Throughout the 2005/06 school year, thirteen WHS-Blaine students and the six members of the  2005/06′ WSRC Waltham Committee got together on a regular basis, generally on Friday afternoons. No doubt the Scholars seemed an odd crew at first to the students comprising a performance artist (Nurit Eini-Pindyck), a filmmaker (Laurie Kahn), two photographers (Emily Corbato and Cheri Geckler), a cultural historian (Christine Cooper), and a judge (Maria Lopez). During their first few months together, the WSRC Scholars and the Waltham girls talked about storytelling, read a book together and discussed the role of will power, screened films about women in the past, and looked at art created by contemporary women artists from different ethnic backgrounds.

Eventually the Scholars and the girls together developed a project about “the stories pictures tell” – stories about friendship, family, work, and community.  The girls were given journal-style notebooks and disposable cameras.  With their first camera, they observed and recorded FACES.  With their second camera, they looked at FACES and HAIR.  And after that, they were freed from all constraints to look at LIFE, in whatever way they wanted to.  Their experiences culminated in an exhibition at WSRC, LOOK! This Year – This Life. It was dedicated to  the memory of Melissa, a WHS student and classmate of the girls who participated in this exhibit.

Participating WHS-Blaine students were: Angelica, Brittany, Casey, Cristina, Dana, Danielle, Elissa, Gloria, Heather, Jenny, Kayla, Keely, and Yajaira.
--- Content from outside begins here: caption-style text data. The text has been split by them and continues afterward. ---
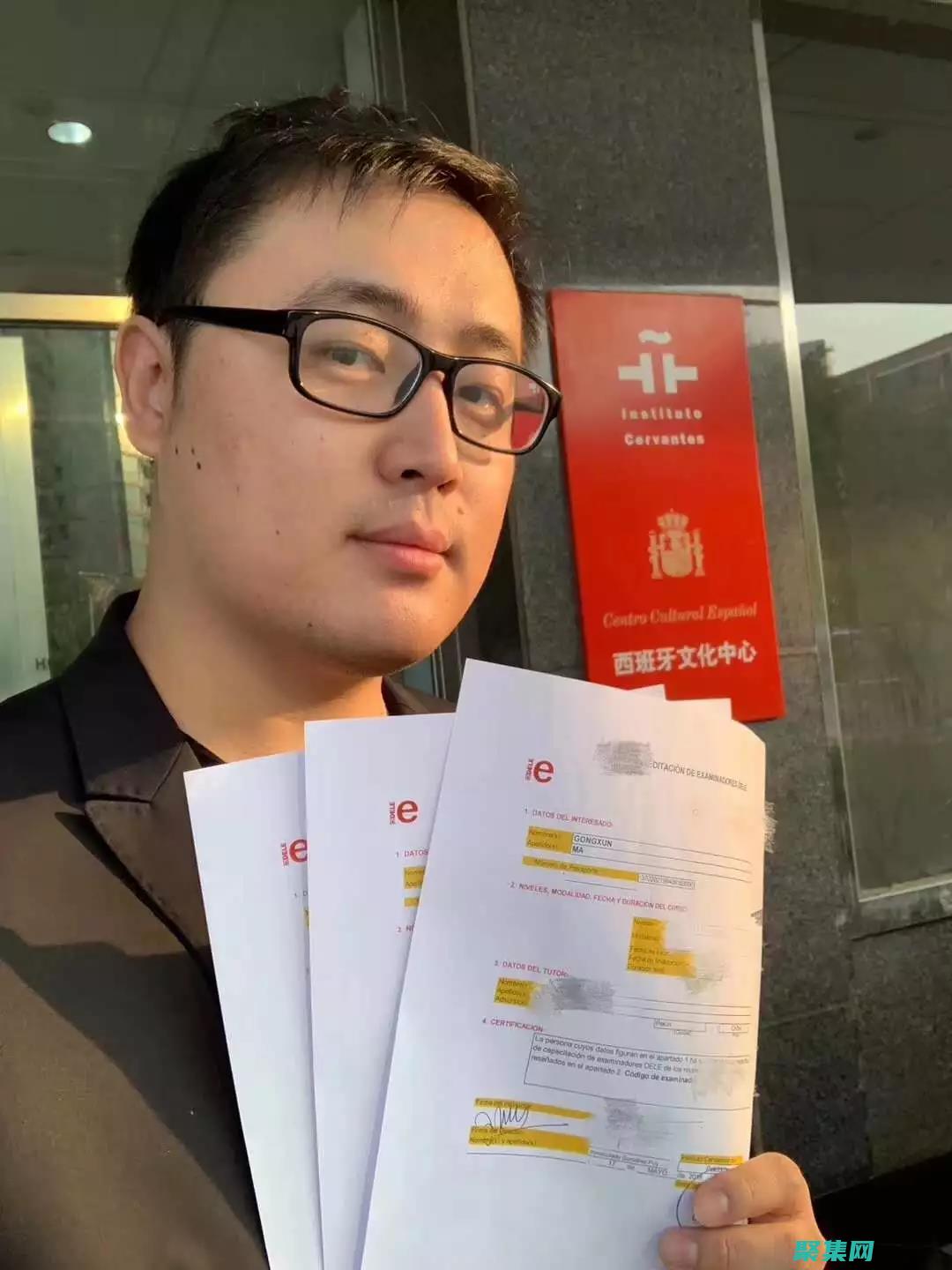 控件的強大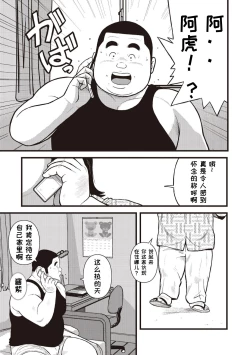 Page 5 of 8 Tsuki no isooroo | 八月食客 1-2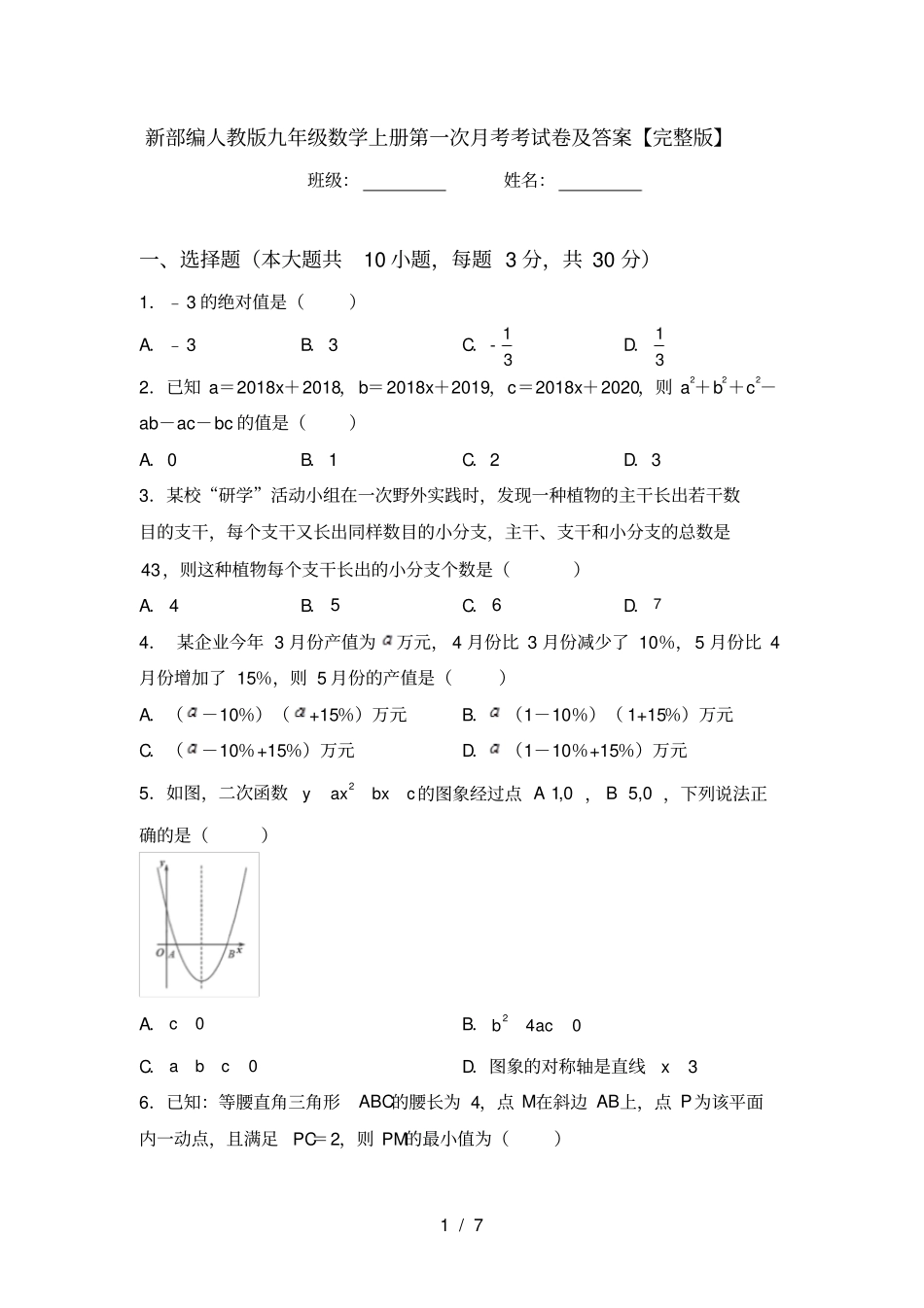 新部编人教版九年级数学上册第一次月考考试卷及答案【】_第1页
The 2005/06′ Waltham Committee would like to thank:

  • Linda Radzvilla, who was with us through thick and thin, bringing common sense and laughter to the group. She kept reminding us—Scholars and students alike—to value the on-going process and her affection for the girls was both profound and inspiring.
  • MaryAnn Crane, from Blaine, shared classroom space with us, despite a very full and busy schedule, at a crucial point in the development of this exhibit.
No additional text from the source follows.